A small German delight that's fit for a real-life Italian job
Thursday 05 January 2012
Engine capacity: 1.0 litre (60ps)
Top speed (mph): 99
0-62 mph (seconds): 14.4
Fuel economy (mpg): 62.8
CO2 emissions (g/km): 105
The new Volkswagen Up is a great little car, but it's a lot more than that. Smaller than any other model in VW's range, it slots in below the Polo and can be seen as a long-delayed successor to the Lupo, which bowed out in 2005. First, the "great little car" part. I tested the Up mainly in the cut-and-thrust of Rome's hectic rush-hour and it was just about perfect for the job. An eager new three-cylinder engine, and smooth, light, quick-acting controls meant I was able to stay out of trouble and hand it back in one piece. Volkswagen chose to introduce the Up to the world's press in Rome as it's the small-car capital of Europe: there are more Smart Fortwos and Toyota iQs there than just about anywhere else. I expect the Up to be a fixture before long.
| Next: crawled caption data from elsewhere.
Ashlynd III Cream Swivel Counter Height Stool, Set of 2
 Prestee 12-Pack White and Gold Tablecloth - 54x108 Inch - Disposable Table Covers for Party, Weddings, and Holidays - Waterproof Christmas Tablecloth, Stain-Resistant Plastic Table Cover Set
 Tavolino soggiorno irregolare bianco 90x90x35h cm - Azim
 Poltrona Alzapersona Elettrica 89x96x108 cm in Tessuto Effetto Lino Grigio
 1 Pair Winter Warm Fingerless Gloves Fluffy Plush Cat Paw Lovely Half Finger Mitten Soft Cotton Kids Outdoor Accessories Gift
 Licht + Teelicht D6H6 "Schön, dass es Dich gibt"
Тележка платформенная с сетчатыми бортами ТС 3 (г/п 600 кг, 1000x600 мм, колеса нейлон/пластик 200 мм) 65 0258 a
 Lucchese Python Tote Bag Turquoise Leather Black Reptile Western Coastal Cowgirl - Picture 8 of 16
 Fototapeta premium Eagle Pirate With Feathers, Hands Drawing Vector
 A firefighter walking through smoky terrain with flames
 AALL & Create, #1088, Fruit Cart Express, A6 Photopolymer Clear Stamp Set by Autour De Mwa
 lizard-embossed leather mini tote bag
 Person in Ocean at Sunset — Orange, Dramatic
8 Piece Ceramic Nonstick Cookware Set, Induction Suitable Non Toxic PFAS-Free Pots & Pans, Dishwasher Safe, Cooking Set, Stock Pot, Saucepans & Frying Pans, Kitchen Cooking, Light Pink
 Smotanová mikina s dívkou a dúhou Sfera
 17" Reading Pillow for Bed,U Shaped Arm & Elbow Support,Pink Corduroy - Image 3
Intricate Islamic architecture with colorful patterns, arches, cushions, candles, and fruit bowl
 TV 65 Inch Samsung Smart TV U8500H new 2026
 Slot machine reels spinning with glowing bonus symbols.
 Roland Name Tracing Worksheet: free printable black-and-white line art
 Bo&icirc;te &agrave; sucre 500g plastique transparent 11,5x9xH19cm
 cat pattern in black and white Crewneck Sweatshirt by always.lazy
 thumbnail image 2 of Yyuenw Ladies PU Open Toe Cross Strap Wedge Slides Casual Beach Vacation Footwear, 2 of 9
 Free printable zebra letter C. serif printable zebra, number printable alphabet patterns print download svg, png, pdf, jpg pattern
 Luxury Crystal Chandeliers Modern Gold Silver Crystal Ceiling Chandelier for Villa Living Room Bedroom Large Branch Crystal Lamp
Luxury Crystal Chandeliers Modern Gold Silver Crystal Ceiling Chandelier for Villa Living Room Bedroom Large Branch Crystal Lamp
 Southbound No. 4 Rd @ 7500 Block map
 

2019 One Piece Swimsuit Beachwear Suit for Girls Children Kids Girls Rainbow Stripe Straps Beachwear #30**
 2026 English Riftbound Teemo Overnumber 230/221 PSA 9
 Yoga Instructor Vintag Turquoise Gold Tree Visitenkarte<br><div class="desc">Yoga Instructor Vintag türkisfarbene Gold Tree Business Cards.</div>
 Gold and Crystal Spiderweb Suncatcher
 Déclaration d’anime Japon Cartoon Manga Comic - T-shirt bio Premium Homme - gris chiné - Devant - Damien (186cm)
So what of the Up's wider significance? Above all, it's a return for Volkswagen to the market for truly small and cheap cars, which is where the company started out with the original Beetle. With an entry price of just £7,995, the Up is in the same bracket as the Hyundai i10, Kia Picanto and Toyota Aygo, all of which are excellent cars that offer a bit more space and are also available with four doors (a four-door Up will be available later). But the Up hits back with what may be a killer advantage at this end of the market – it's a proper Volkswagen. That means it not only looks like a VW but also has the sort of fit, quality and finish (although not the equipment levels) you'd expect to find in a Polo or a Golf. So how has VW done it at the price? Well the Up is being built in Slovakia and in big numbers too, because it will also be sold as the Seat Mii and the Škoda CitiGo. That should give it an advantage over the Lupo, which was manufactured in high-cost Germany and offered only under two brands, VW and Seat, not three.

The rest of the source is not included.